In Svizzera esiste la Legge federale sulla parità dei sessi, che vieta la discriminazione nel lavoro. Questo vale già nella fase di annuncio e selezione, non solo dopo l’assunzione.
La parità dei sessi è un principio costituzionale (art. 8 Costituzione federale) che vieta le discriminazioni basate sul genere in ambito lavorativo, sociale e familiare. La Legge federale sulla parità dei sessi proibisce discriminazioni in assunzioni, salari, mansioni e licenziamenti, includendo lo stato civile e la gravidanza.
Difatti un annuncio che richiede “senza impegni familiari”, solo donne e in una fascia d’età specifica non giustificata potrebbe essere considerato discriminatorio e illegale, perché escluderebbe persone non per competenze ma per la loro vita privata.
A tal proposito l’art. 8 della Costituzione federale stipula che:
1Tutti sono uguali davanti alla legge.
2 Nessuno può essere discriminato, in particolare a causa dell’origine, della razza, del sesso, dell’età, della lingua, della posizione sociale, del modo di vita, delle convinzioni religiose, filosofiche o politiche, e di menomazioni fisiche, mentali o psichiche.
3 Uomo e donna hanno uguali diritti. La legge ne assicura l’uguaglianza, di diritto e di fatto, in particolare per quanto concerne la famiglia, l’istruzione e il lavoro. Uomo e donna hanno diritto a un salario uguale per un lavoro di uguale valore.
4 La legge prevede provvedimenti per eliminare svantaggi esistenti nei confronti dei disabili.
In Svizzera, durante un colloquio, il datore di lavoro può chiedere solo ciò che è rilevante per il lavoro.

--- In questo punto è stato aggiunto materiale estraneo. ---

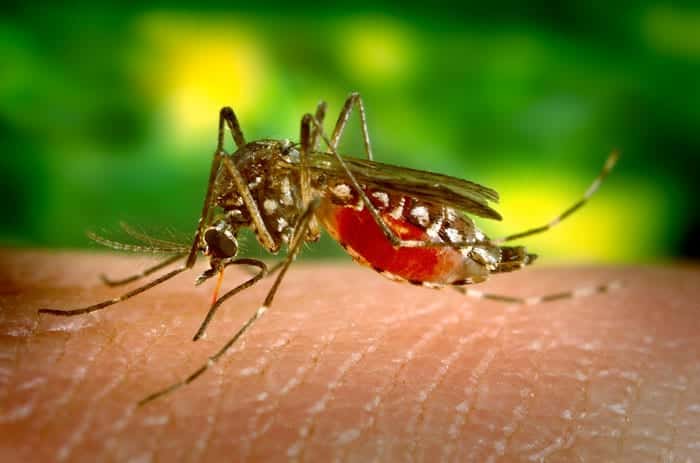 aedes aegypti, transmissor de doenças como zika, dengue e chikungunya. 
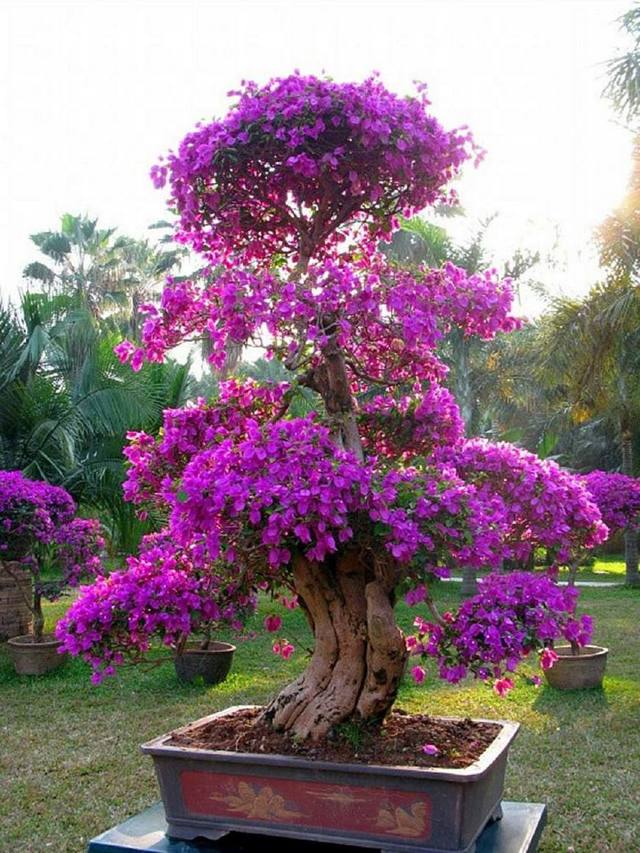 盆栽龙眼种子能结果吗？揭秘真相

Domande sulla vita privata e sulla famiglia, per esempio “Hai figli?” ,“Vuoi avere figli?”, “Sei sposata/o?” o “Chi si occupa dei bambini?” non sarebbero pertinenti e pertanto dovrebbero essere vietate.
Lo stesso vale per quanto concerne il genere e le relazioni personali, come per esempio “Hai un partner?”, “Convivi?” oppure “Sei incinta?”. Tali potenziali domande rientrano nella sfera privata e dovrebbero essere considerate illegittime.
Per quanto concerne domande che toccano la sfera della salute (senza motivo valido), come per esempio “Hai malattie?” oppure “Prendi farmaci?”. tali domande potrebbero però essere ammesse solo se direttamente rilevanti, se nel caso concreto il posto di lavoro integra un’attività lavorativa fisicamente impegnativa.
Mentre domande che toccano la religione oppure le opinioni politiche, come pure l’origine, come per esempio “Che religione hai?” “Per chi voti?” “Di che nazionalità sei davvero?” oppure “Da dove vengono i tuoi genitori?” sono vietate.
L’art. 5 della legge federale sulla parità dei sessi rammenta che
1 In caso di discriminazione secondo gli articoli 3 e 4, l’interessato può chiedere al giudice o all’autorità amministrativa:
a. di proibire o far omettere una discriminazione imminente;
b. di far cessare una discriminazione attuale;
c. di accertare una discriminazione che continua a produrre effetti molesti;
d. di ordinare il pagamento del salario dovuto.
2 Se la discriminazione consiste nel rifiuto di un’assunzione o nella disdetta di un rapporto di lavoro disciplinato dal Codice delle obbligazioni6, la persona lesa può pretendere soltanto un’indennità. Questa è stabilita tenuto conto di tutte le circostanze ed è calcolata in base al salario presumibile o effettivo.